Since everybody wants to see some dissing (well, maybe only Mark), and Terry’s been accused of “joining the ranks of other conservative authors and commentators who have recently been expressing their disdain for ‘modern art’ and literature,” I thought I’d weigh in.
Terry has been called “conservative” for expressing his dislike for Virginia Woolf, who he dared to call “marginally readable.” But how precisely is this conservative? Is Terry conservative because he writes for Commentary and The Wall Street Journal? Is Terry conservative because he expressed disfavor towards a woman? (And if that were the case, why then did he also praise the Algonquin Round Table, led by Dorothy Parker, in the same post?) What precisely is it, in Robert Green’s mind, that makes Terry the literary equivalent of a gun-toting right-to-lifer?
Point of Order: “One would think that conservatives would value an approach to literature that keeps the emphasis on its literary qualities, on its capacity to reinvigorate the aesthetic impulse, to exemplify imaginative ‘human accomplishment,’ to use Murray’s phrase. In my mind a truly conservative approach to art would seek to preserve the Western tradition of artistic skill and innovation to which writers like Joyce, Faulkner, and Woolf decidedly belong.”
Beyond the extremely conflicting manner in which Daniel “I Came Off the MFA Assembly Line” Green lays down his terms, what this basically boils down to is another literary vs. popular snobfest. I can imagine literary champions shoving such terrible misfires as Faulkner’s Sanctuary and Woolf’s The Voyage Out down throats like plastic polymer vitamins we have to enjoy, that we must not admonish, and that we must hole up with, a glass of claret in our hands, killing all doubts, extolling the literary qualities in the same shameful way that an unemployed steel worker stands in the dole line.

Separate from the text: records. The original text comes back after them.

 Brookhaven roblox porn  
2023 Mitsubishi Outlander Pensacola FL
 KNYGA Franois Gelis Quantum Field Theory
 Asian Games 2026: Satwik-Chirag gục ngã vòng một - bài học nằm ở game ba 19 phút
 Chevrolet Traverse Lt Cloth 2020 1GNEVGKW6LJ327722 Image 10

The Grand Literary Author, it would seem, can do no wrong.
And how reactionary is that?
The conservative critic is the one who falls into line, who likes everything handed to him from the canon, and who regurgitates the same tired arguments. The conservative critic is the one who stands against snarky fun, setting forth the “play nice” dogma into a bullshit manifesto for a fledgling magazine. The conservative critic is sometimes like Heidi Julavits, Dale Peck, Laura Miller, and (in this case) Scott Green: replacing valid criticism and the joys of reading with a stunning need for attention.

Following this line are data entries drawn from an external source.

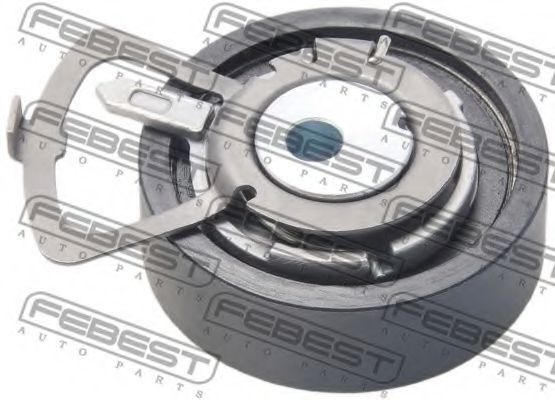 обтяжна ролка, ангренаж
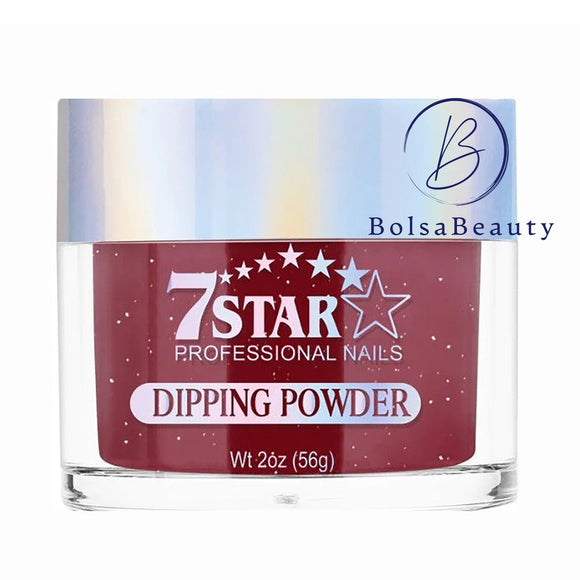 7 Star - 2in1 Dip Powder 2oz (#401 - #437)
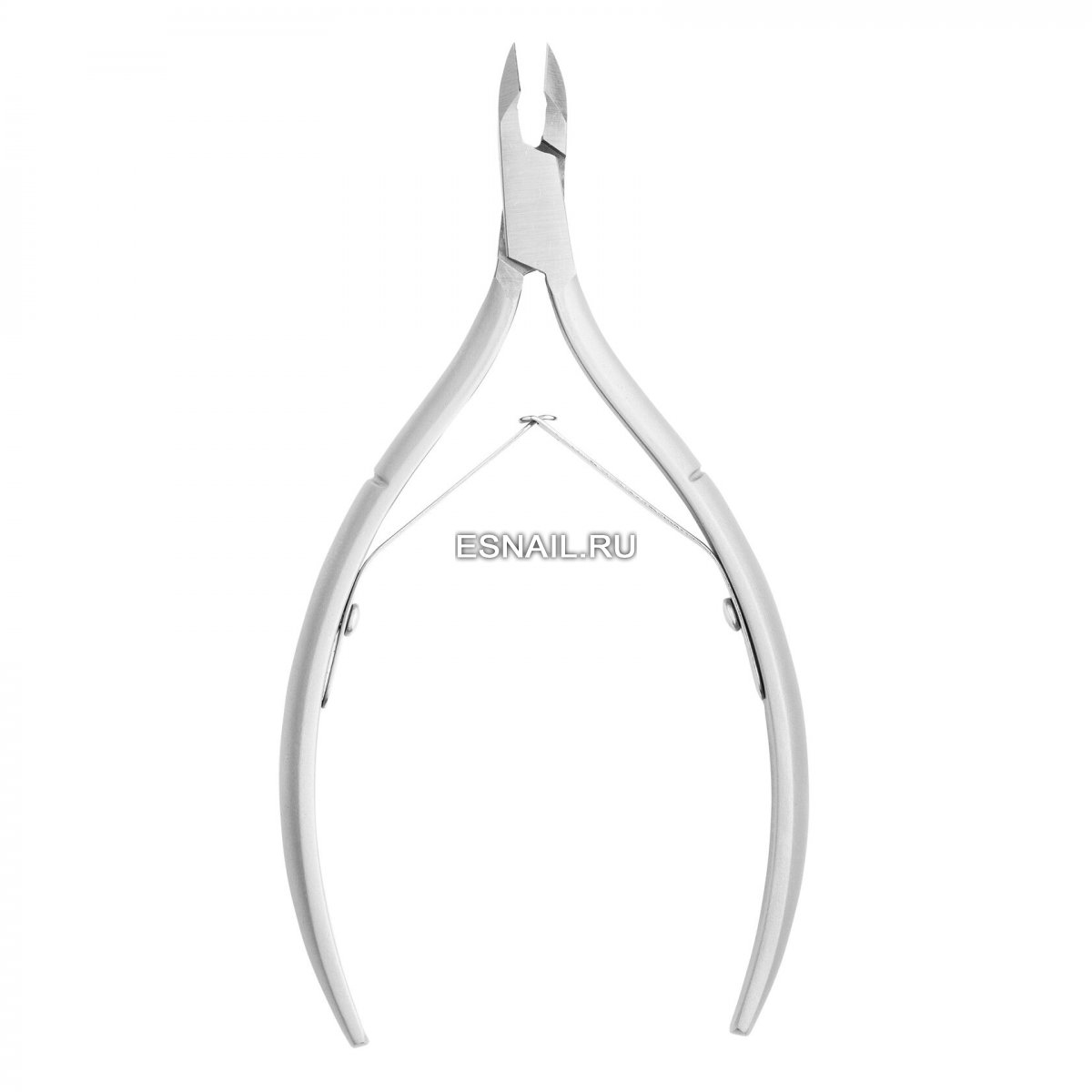 Nippon Nippers. Кусачки для кутикулы «Standard». Лезвие 6 мм. Двойная пружина. Ручная заточка.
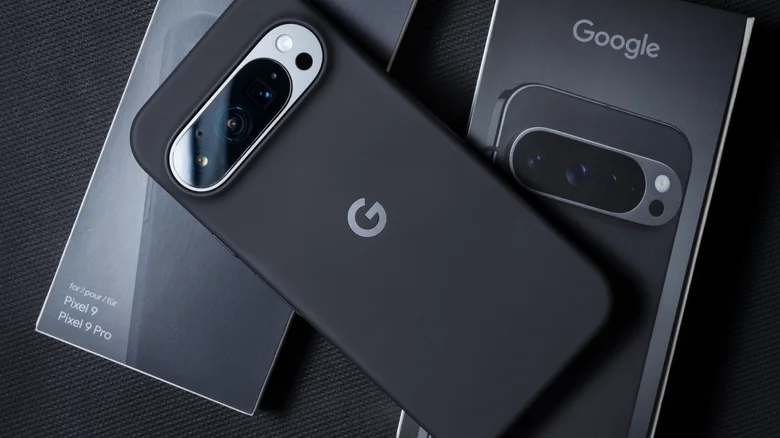 Google resuelve un problema importante para usuarios de Pixel en diciembre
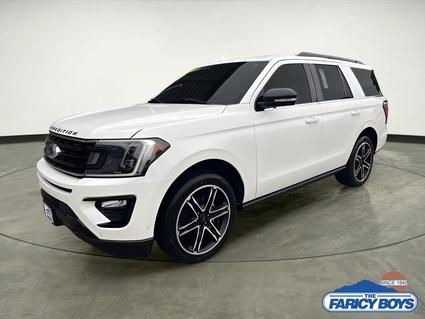 2020 Ford Expedition Canon City CO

Terry may not have elucidated his reasons for disliking Woolf, but I can give you a one sentence exemplar, res ipsa loquitur really, that might express why:
She thought of three different scenes; she thought of Mary sitting upright and saying, ‘I’m in love — I’m in love’; she thought of Rodney losing his self-consciousness among the dead leaves, and speaking with the abandonment of a child; she thought of Denham leaning upon the stone parapet and talking to the distant sky, so that she thought him mad.
That’s from Night and Day. And if you think that convulted attempt to get at consciousness is even remotely readable, then I shudder at your sensibilities. Woolf may have been among the first authors to describe every nicety of existence under the sun, but that doesn’t mean that she should have.
Excluding A Room of One’s Own and Mrs. Dalloway (from what I’ve read of Woolf — and I started, unfortunately, at the beginning), I’m in Terry’s camp. But then I whole-heartedly confess that I am bored by ponderous and humorless prose.